Asia como opción posible y deseada
El interés por Asia ha crecido sostenidamente. Lugares como Tailandia, Japón, Vietnam o India ofrecen una mezcla de tradición, tecnología, historia milenaria y diversidad natural que genera curiosidad. Hace una década, un itinerario por el sudeste asiático podía parecer una rareza; hoy, es una opción cada vez más considerada. Además, la mejora en la conectividad aérea y la mayor disponibilidad de información online facilitan la planificación de viajes que, si bien demandan más preparación, prometen un alto nivel de impacto cultural.
Crece el número de visitantes
Según datos de la plataforma Mabrian, el continente asiático ya concentra el 13,5% de la demanda turística internacional. Aunque Europa y América del Norte siguen liderando, destinos como Corea del Sur, Maldivas o Sri Lanka aparecen con más frecuencia en los paquetes y circuitos vendidos por agencias argentinas.
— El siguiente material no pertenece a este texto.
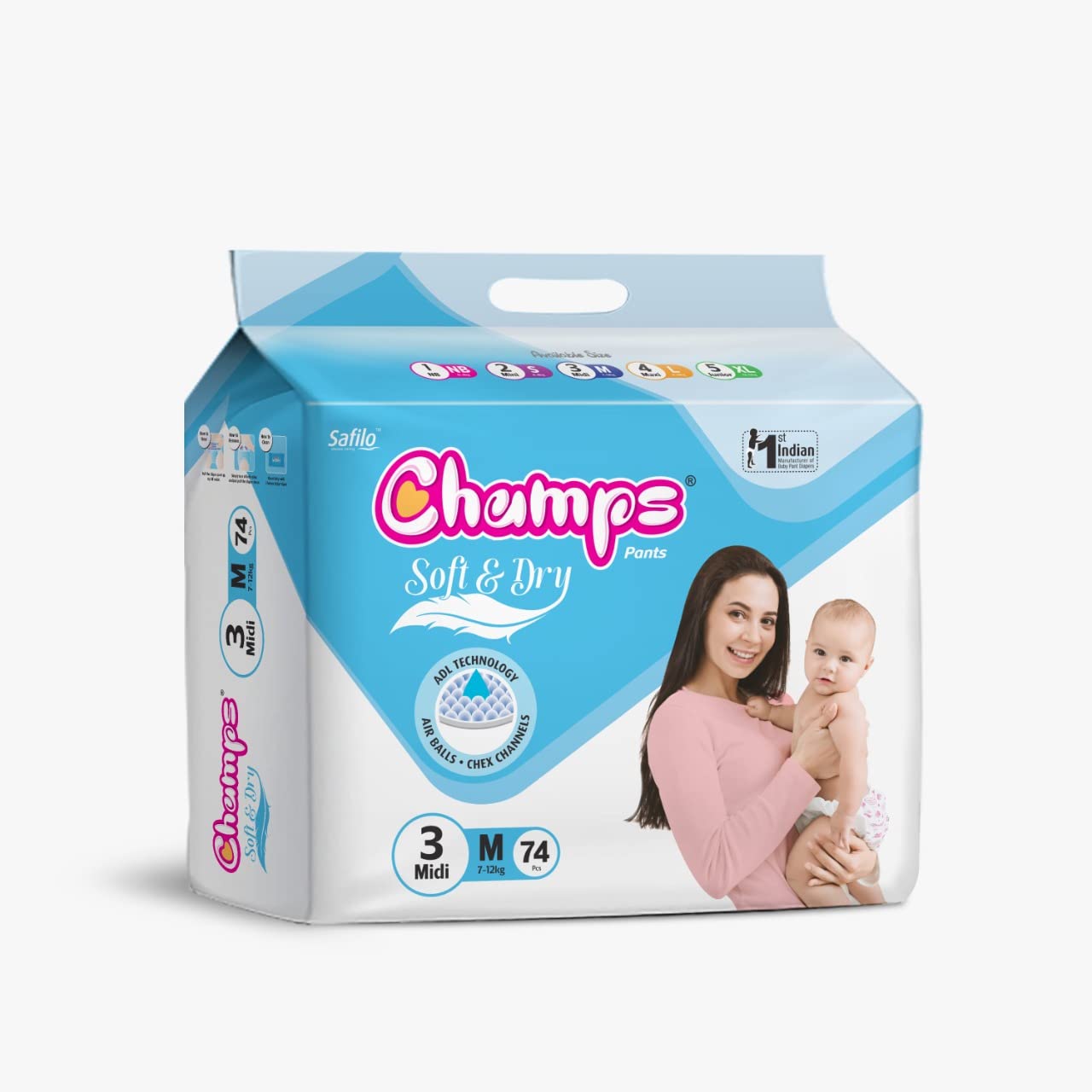 Champs Soft and Dry Baby Diaper Pants 74 Pcs (Medium Size M 74)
A pesar de la distancia y la diferencia horaria, muchas personas se animan a vuelos de más de 20 horas si eso les garantiza un contacto directo con otras formas de vida.
Nuevos desafíos para las agencias
Este escenario plantea retos para las agencias de viajes. El conocimiento superficial de un destino ya no alcanza: se requiere información precisa sobre transporte, clima, costumbres locales y visados. Algunas empresas están invirtiendo en formación específica para sus equipos, apostando a un asesoramiento más personalizado. Desde cotizaciones de hoteles hasta excursiones culturales, cada detalle cuenta para evitar contratiempos y enriquecer la experiencia.
Accesibilidad y perspectivas futuras
Asia ya no se percibe como un destino de elite o inalcanzable. Existen circuitos completos desde los 4.700 dólares, y aunque los costos siguen siendo altos en comparación con América Latina, la demanda crece. La posibilidad de combinar templos, ciudades futuristas y playas en un solo viaje resulta atractiva para quienes priorizan vivencias sobre el lujo. Todo indica que este interés se mantendrá y que Asia seguirá ganando un lugar destacado en la planificación turística de los próximos años.